Is there a more pythonic way of doing the following:

def mysteryFunction( it, fun, val ):
    out = []
    for x in it:
        y,val = fun(x,val)
        out.append(y)
    return out,val

where it is iterable, fun is a function that takes two inputs and returns two outputs, and val is an initial value that gets "transformed" by each call to fun?

I am asking because I use map, zip, filter, reduce and list-comprehension on a regular basis, but I cannot express the previous function as a combination of those, and this is something that has come up several times now. Am I missing a hidden idiom, or is this just too niche to deserve one?

---

A concrete example is to calculate a duration in terms of (year, week, day, hour, minute, second) from a certain amount of seconds:

fac = (365*24*3600, 7*24*3600, 24*3600, 3600, 60, 1)
dur,rem = mysteryFunction( fac, lambda x,y: divmod(y,x), 234567 )

where dur is the duration tuple and rem corresponds to the final remainder (either zero or decimal here, depending on the type of the initial value). This is not just cherry-picked, there are many other examples, such as: fixed-step methods to integrate differential equations (iterable steps, stepper function, initial state); simulating a bounded random walk; tree processing across depth without recursion; etc.

Answer 1

This structure is similar to what the itertools.accumulate generator function was designed for. For example, your function might be used with a function like this:

def add2(x, y):
    return (x + y,) * 2 # Returning the same thing twice, new sum and accumulate sum the same

then called with:

mysteryFunction(range(5), add2, 0)

which would return:

([0, 1, 3, 6, 10], 10)

the accumulated sums of 0 through 4, and the final sum.

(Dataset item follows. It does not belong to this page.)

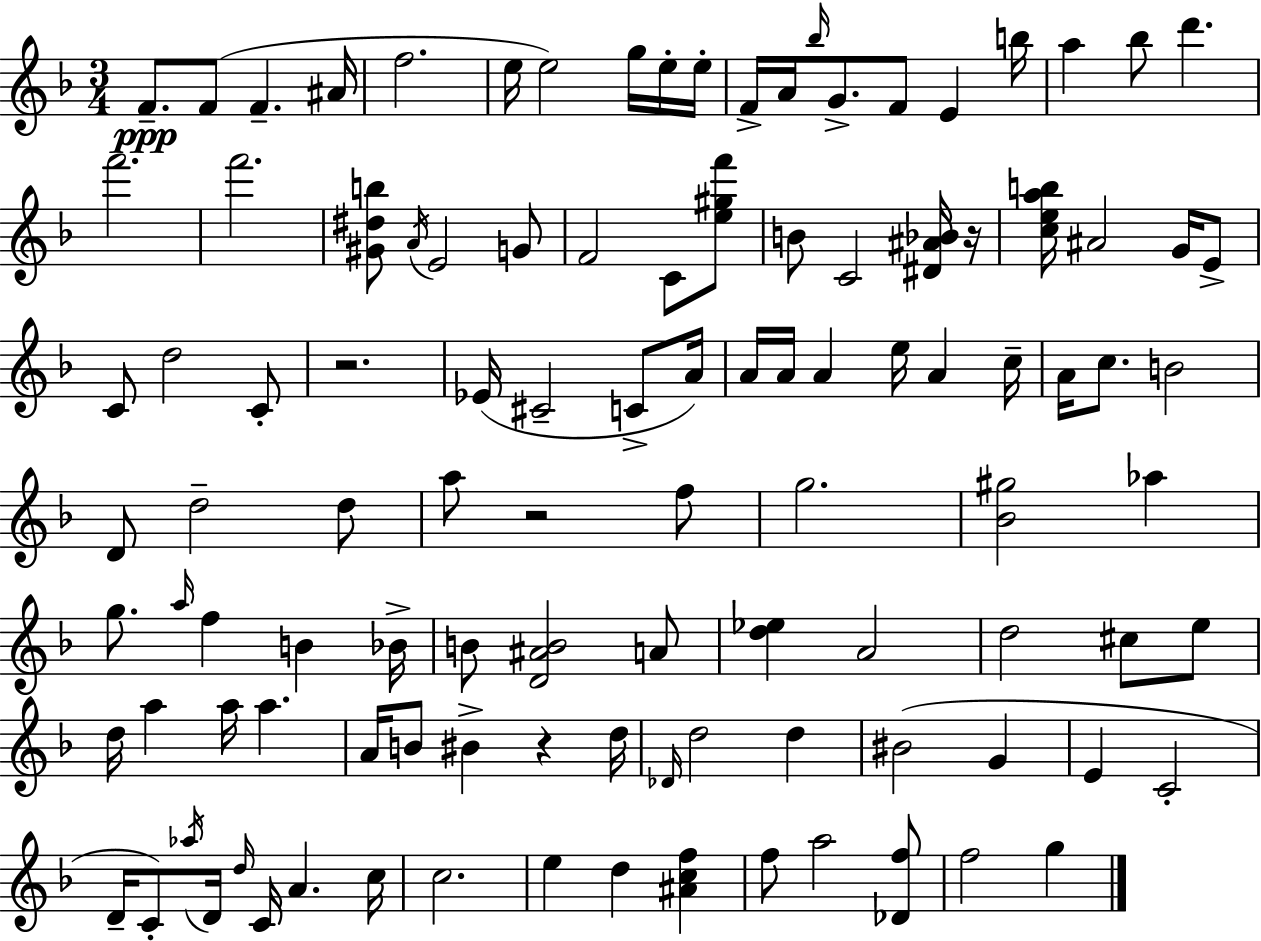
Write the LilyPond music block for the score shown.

itertools.accumulate can do the same thing, but it's lazy (it returns each accumulated value as it's requested), and only works with two operand to single output functions; for this case, it ends up being simpler:

from itertools import accumulate
from operator import add

list(accumulate(range(5), add))

would produce the same list as mystery_function (and the second result would just be the last value of the list), but you could also use it lazily without storing the results in a list, e.g.:

for partialsum in accumulate(range(5), add):
    ... do stuff with partialsum ...

You could likely massage accumulate to handle a two input, two output function (or more precisely, discard the value you don't care about from the values output by accumulate), but most of the time I'd expect the second output to be an accumulated value to date, not really separate, so avoiding the second output would be cleaner.

For fun, a kind of terrible massage of your structure to match accumulate. Let's say you wanted to add a base value to each element in the input, but reduce the base by 1 each time. With your function, you'd do (for initial base of 10):

def addless(new, base):
    return base + new, base - 1

mysteryFunction(range(5), addless, 10)

which (thanks to passing it range that counteracts each decrease in base) produces ([10, 10, 10, 10, 10], 5). Similar code with accumulate might be:

def addless2(last_base, new):
    _, base = last_base
    return base + new, base - 1

then (with some ugliness because you can't specify an initial value for accumulate directly):

from itertools import accumulate, chain

base = 10

# chain used to provide initial value
accum = accumulate(chain(((None, base),), range(5)), addless2)

next(accum)   # Throw away first value that exists solely to make initial tuple

# Put the first value from each `tuple` in `out`, and keep the second value
# only for the last output, to preserve the final base
out, (*_, base) = zip(*accum)

which leaves vals as (10, 10, 10, 10, 10) and base as 5, just as in your code (apologies for the magic; zip with generalized, nested unpacking is both beautiful and horrifying all at once).